**Required action**
Please return exactly the lines below that run from the line with "Pre-Loved Black Lace" through the end of the listing, both included, but not the pictures.

**Entries supplied**
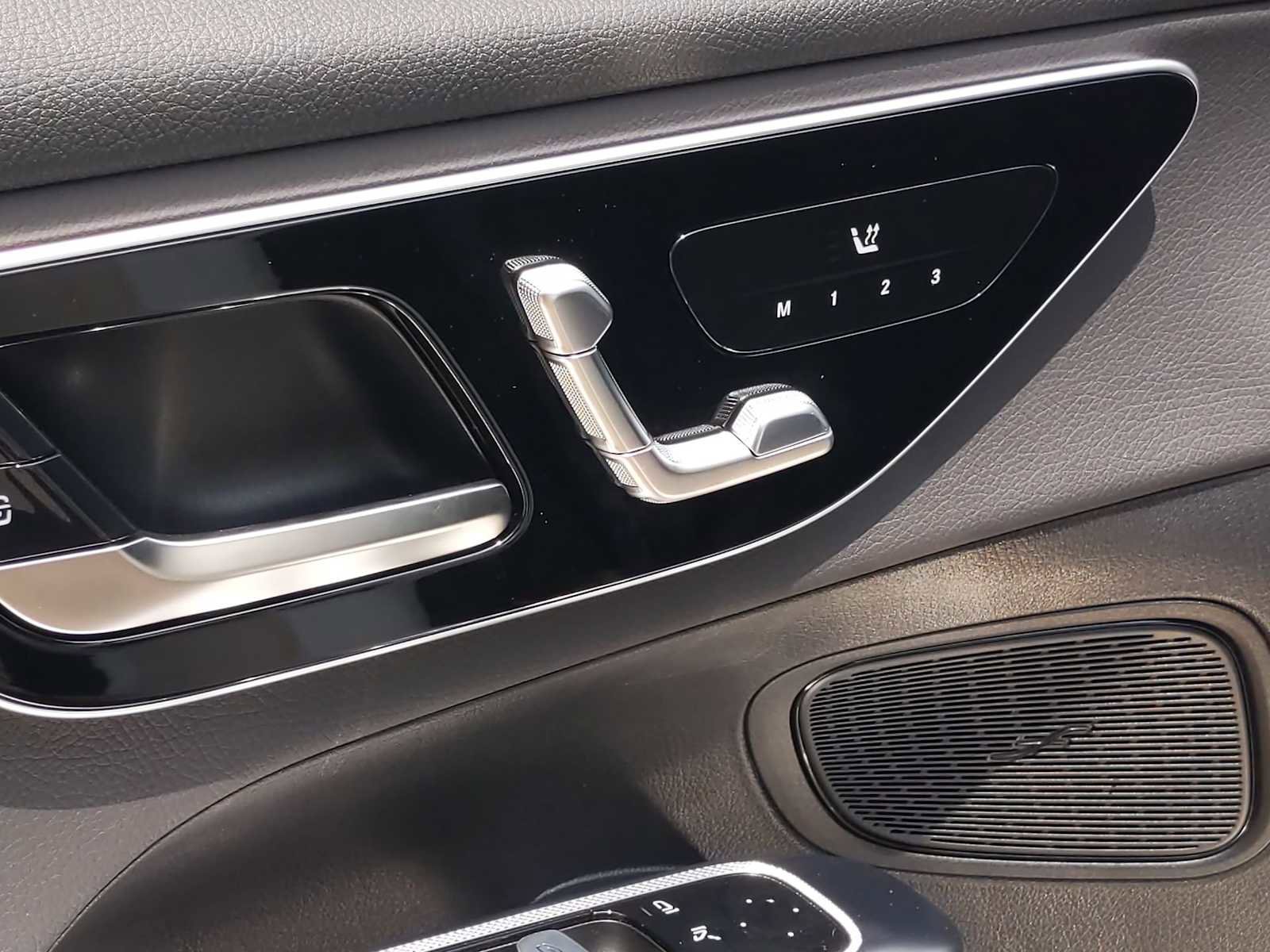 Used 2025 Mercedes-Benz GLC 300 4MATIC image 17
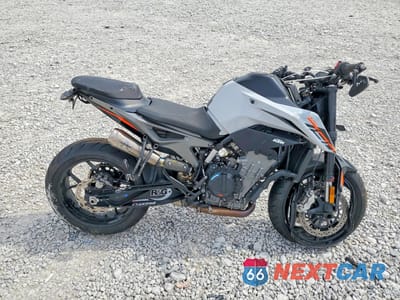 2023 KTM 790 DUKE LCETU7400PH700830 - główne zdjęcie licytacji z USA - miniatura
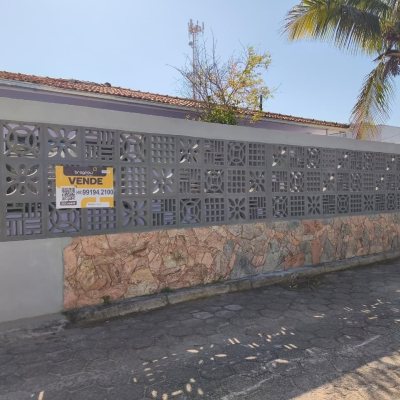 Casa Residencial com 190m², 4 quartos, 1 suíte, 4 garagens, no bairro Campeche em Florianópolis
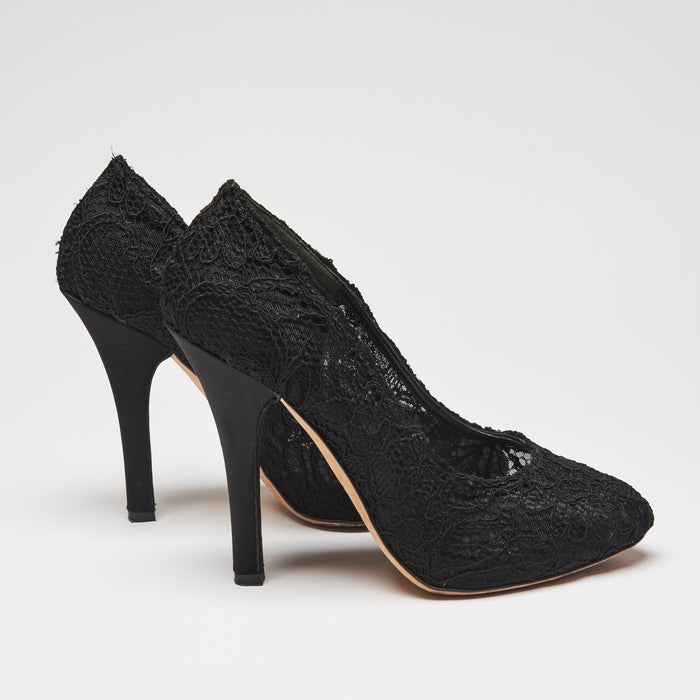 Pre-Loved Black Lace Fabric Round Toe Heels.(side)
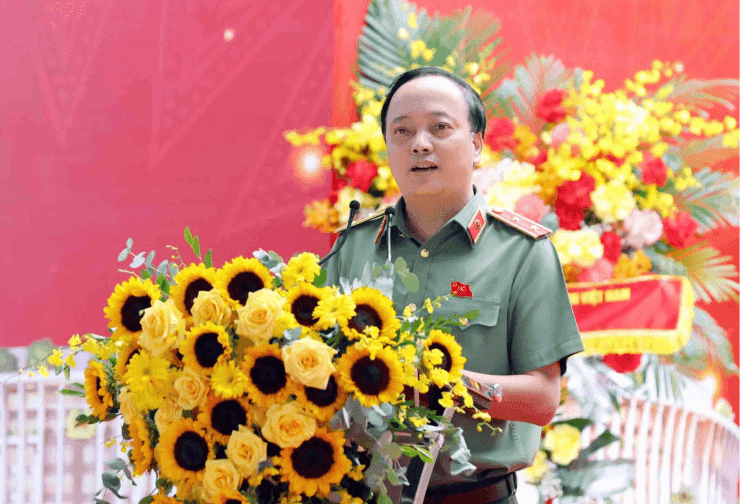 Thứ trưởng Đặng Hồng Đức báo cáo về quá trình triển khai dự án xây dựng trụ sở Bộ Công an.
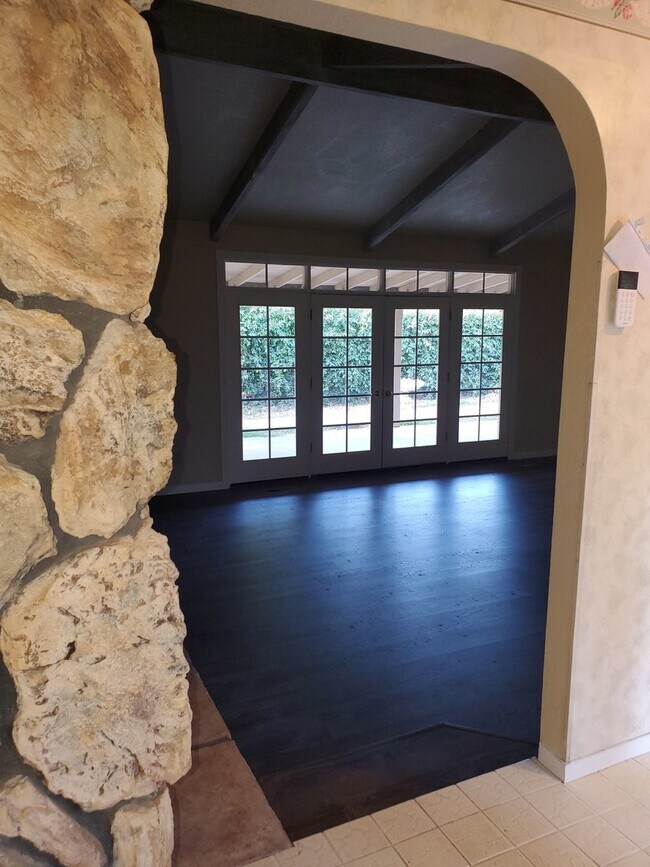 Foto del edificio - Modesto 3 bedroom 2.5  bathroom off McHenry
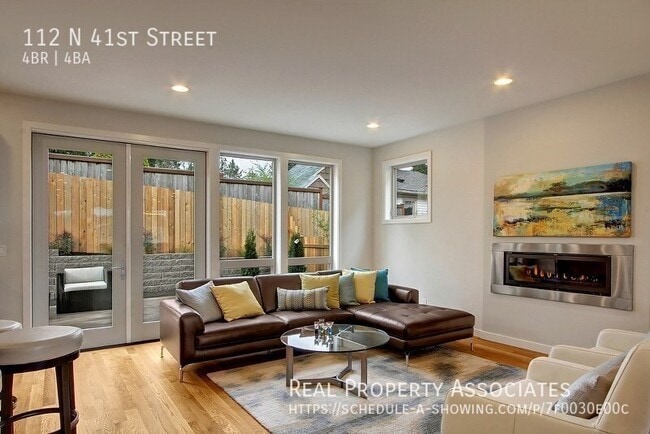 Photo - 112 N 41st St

**Exercise solution**
 Pre-Loved Black Lace Fabric Round Toe Heels.(side)
 Thứ trưởng Đặng Hồng Đức báo cáo về quá trình triển khai dự án xây dựng trụ sở Bộ Công an.
 Foto del edificio - Modesto 3 bedroom 2.5  bathroom off McHenry
 Photo - 112 N 41st St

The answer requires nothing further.